Processing Technologies Employed For Biomass Conversion
The shortness of energy is fast becoming a large economic threat to the development of nations across the globe.
Thankfully, an increasing number of countries, cities, and individual corporations are striving towards reducing their emissions in an attempt to limit the rise in the world’s temperature.
At present, more than 100 cities worldwide have reported that at least 70 percent of their energy production is from renewable sources.
Biomass energy, in particular, is becoming more popular every day as an increasing number of global entities choose to veer away from fossil fuel consumption as a whole towards renewable energy sources.
Today, there are a number of processing technologies, including biochemical conversions and thermal technologies, that can be employed to turn biomass into sources of renewable energy.
Biochemical Conversions
The biochemical conversion of solid biomass makes use of a variety of enzymes bacteria, and microorganisms to break the mass down into various liquid or gaseous fuel sources.
Of these technologies, the most prevalent are biomethanation and fermentation.
Biomethanation is the process through which organic material gets converted under anaerobic conditions into
biogas. The fermentation of biomass yields liquid fuels such as cellulosic ethanol, which is a suitable replacement for petroleum-based fuels.
The ability to scale up microbial fermentation processes can significantly increase the amount of these biofuels that are produced from organic waste.
Thermal Technologies
At the moment, there are three primary methods of thermo-chemical conversions that are used to produce biomass energy namely combustion in surplus air, gasification in diminished air, and pyrolysis in the complete
absence of air.
Direct combustion is the method that is most frequently used when biological waste needs to be converted into heat.
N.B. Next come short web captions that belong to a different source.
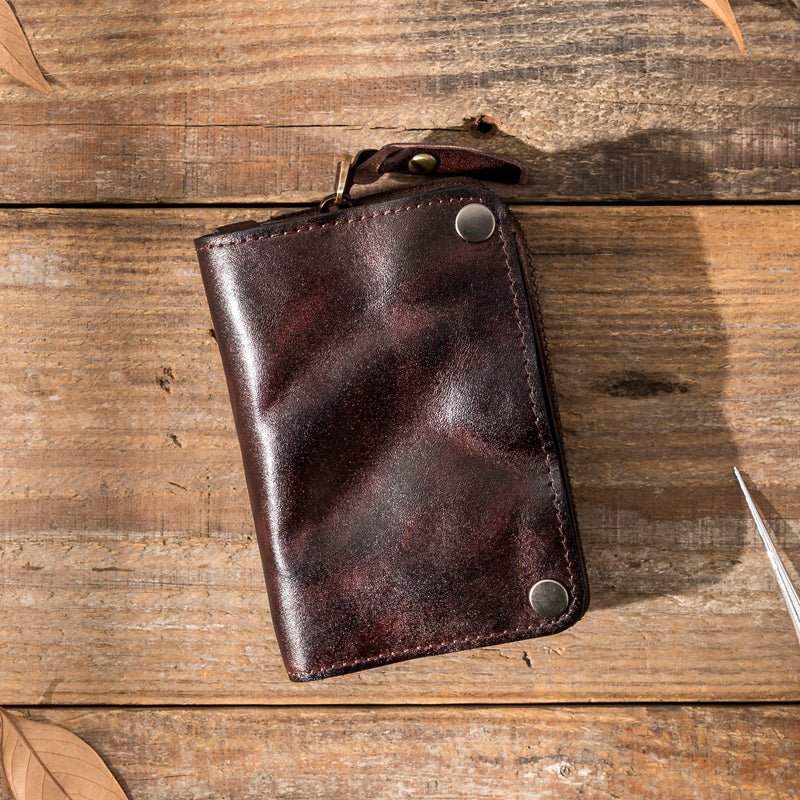 Retro Leather Key Holder Short Wallets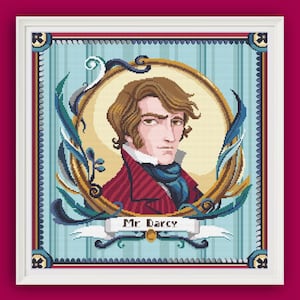 Może przedstawiać: Wzór do haftu krzyżykowego przedstawiający portret pana Darcy'ego z Dumy i uprzedzenia. Portret jest umieszczony w złotej owalnej ramie z ozdobnymi detalami i niebieskim tłem. Pod portretem widnieje napis "Mr. Darcy".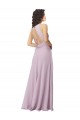Lueur rose Trapèze Licou Col Haut Mousseline Longue Robes demoiselle d'honneur à Vendre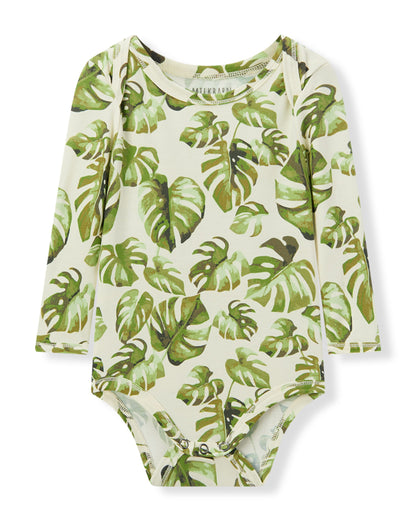 Island Leaf Cotton Stretch Long Sleeve One Piece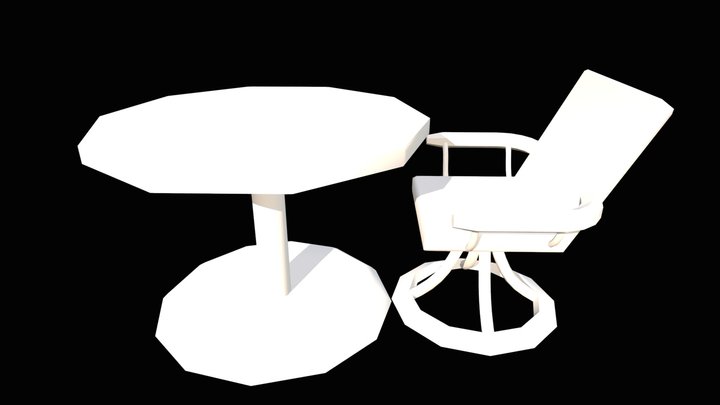 Cafe Table And Chair 3D Model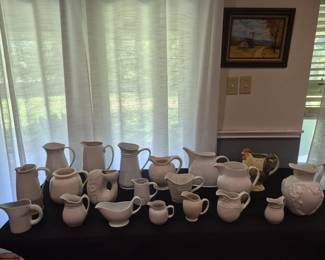 White Pitchers-Some Vintage, Pottery Barn and Williams Sonoma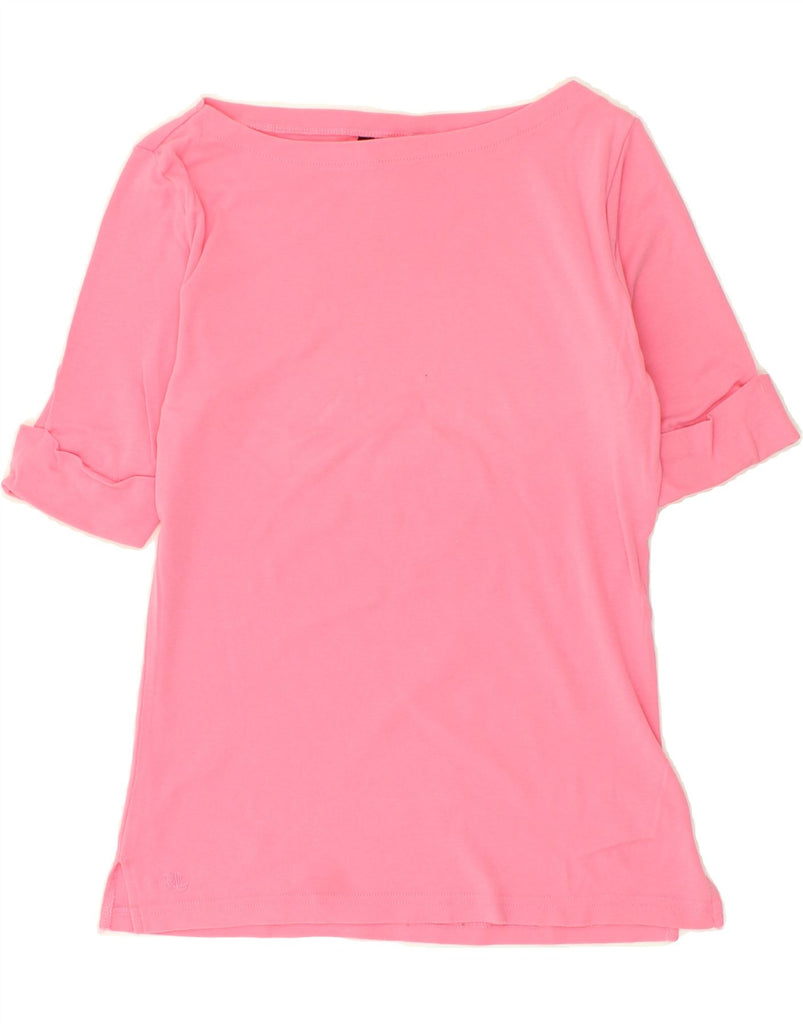 RALPH LAUREN Womens Blouse Top UK 10 Small Pink Cotton Vintage Ralph Lauren and Second-Hand Ralph Lauren from Messina Hembry 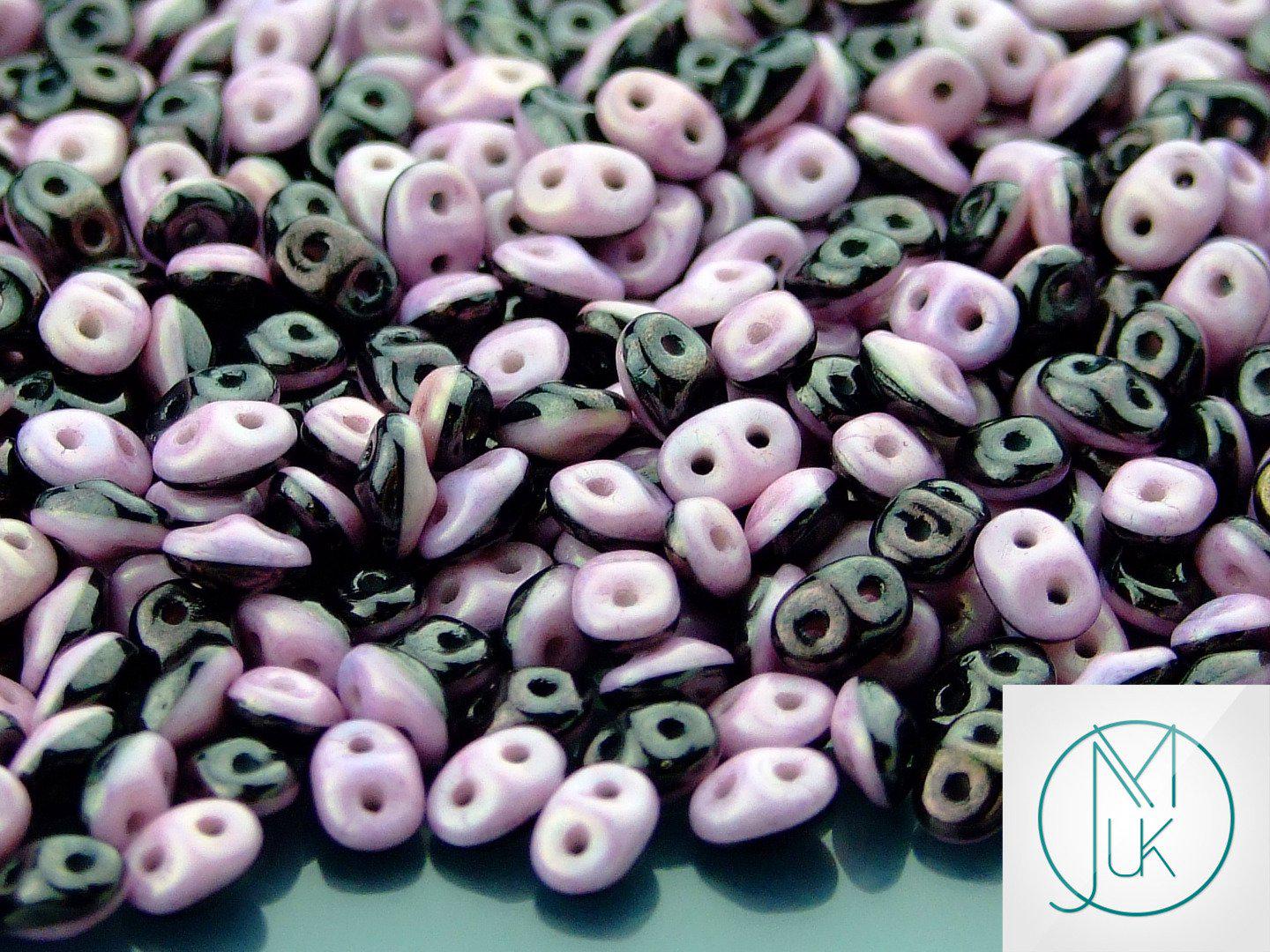 10g SuperDuo Duets Beads Opaque Jet Black Chalk Lilac Luster Michael's UK Jewellery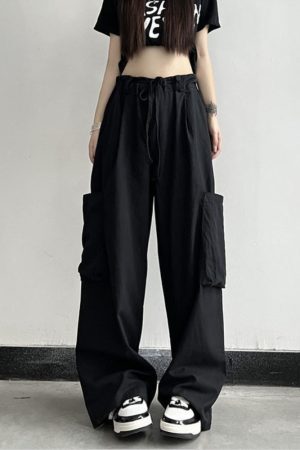 Style Core Aesthetics, New Style Trends - Pantalon Cargo Parachute Punk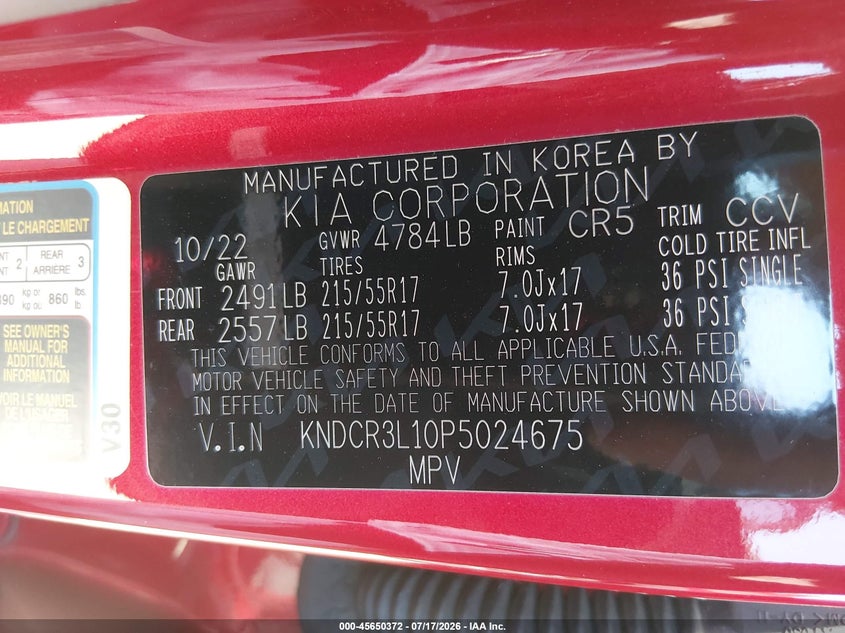 2023 Kia Niro Ev Wind VIN: KNDCR3L10P5024675 Lot: 45650372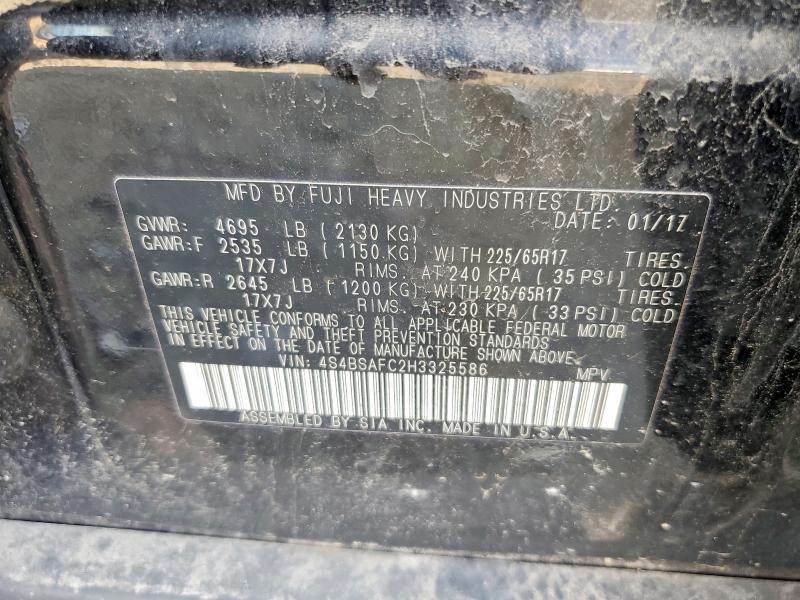 64825096 :رقم المزاد ، 4S4BSAFC2H3325586 vin ، 2017 Subaru Outback مزاد بيع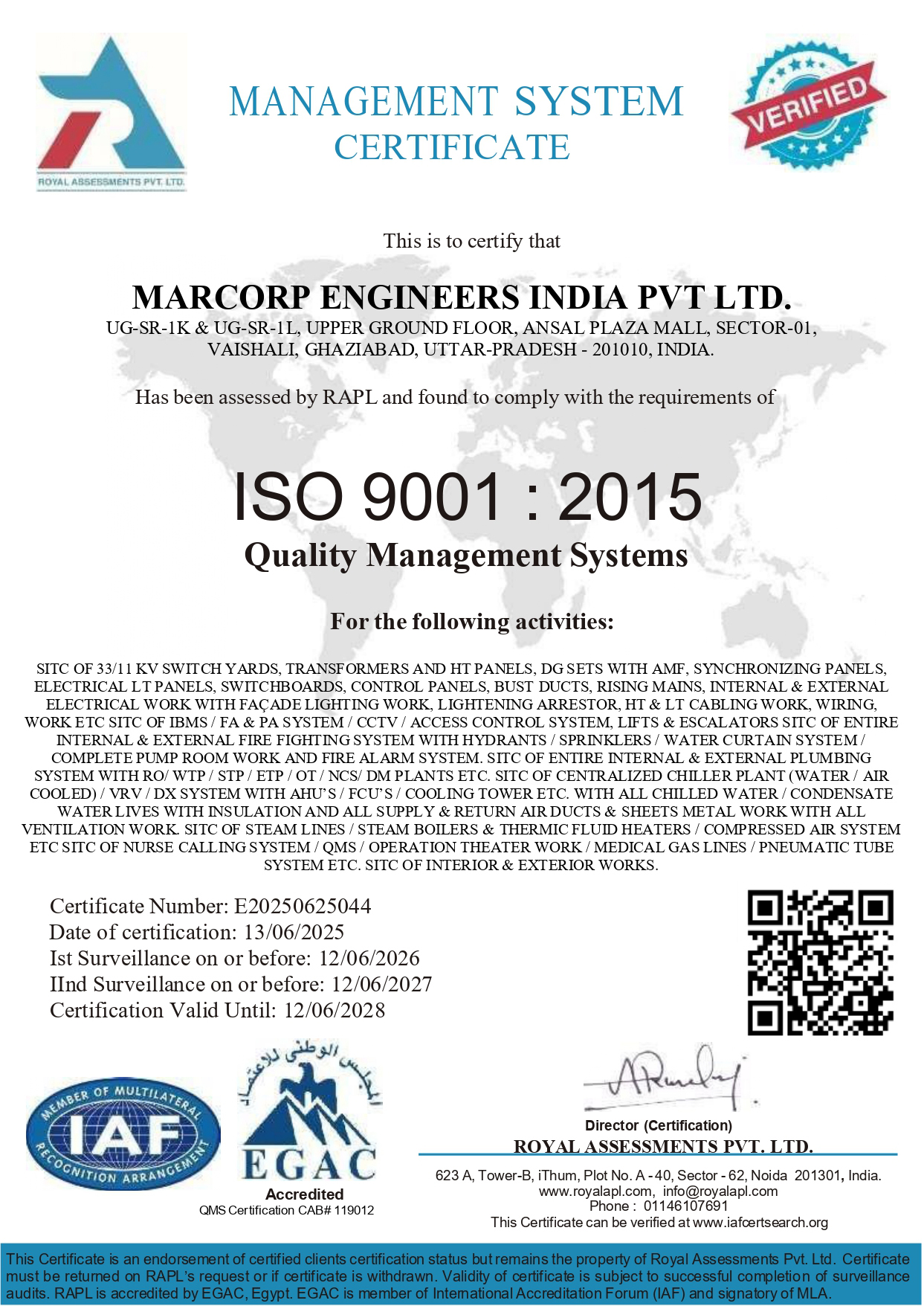 ISO 9001:2015 Certificate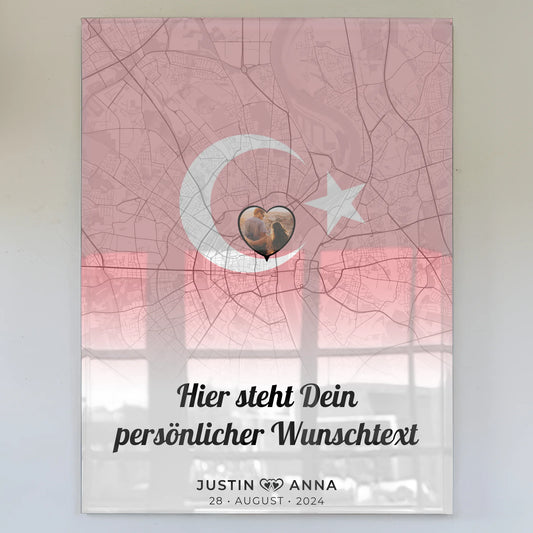 Personalisiertes Acrylglas Bild für Paare Stadtkarte Türkei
In order to produce the heat, the biomass is burnt in a surplus of air during the combustion process.
Gasification is the process that converts various organic carbonaceous materials into hydrogen, carbon dioxide, and carbon monoxide.
The conversion is achieved by creating a reaction at extremely high temperatures without combustion and with the use of a regulated amount of steam and/or oxygen.
What About Pyrolysis?
Pyrolysis is the thermal decomposition of biomass that typically occurs in the absence of oxygen.
There are two pyrolysis processes that can be employed. It takes several hours for slow pyrolysis to complete with biochar being the main product that results from the process.
Fast pyrolysis, on the other hand, only takes seconds to complete and yields 60% bio-oil, 20% bio char, and 20% syngas.
One of the greatest appeals of pyrolysis is that it can be performed on both small and larger scale including at remote locations which not only improves the energy density of the resources but also significantly reduces handling and transport costs.
What Does the Future of Biomass Energy Look Like?
There are constant developments taking place to not only refine the various conversion technologies, but also the areas in which biomass energy can be utilised.
The main purpose of the development is to continuously streamline all processes, rendering them more efficient and cost-effective.
One current development involves the thermal processing of biofuels that will produce a more effective pellet that boasts a substantially higher energy value.
Although, the biomass conversion industry faces numerous obstacles, and it is important to persist in finding viable alternatives to fossil fuel consumption.
The economic and environmental benefits of biomass energy alone are enough to encourage greater utilization of the processes available to us.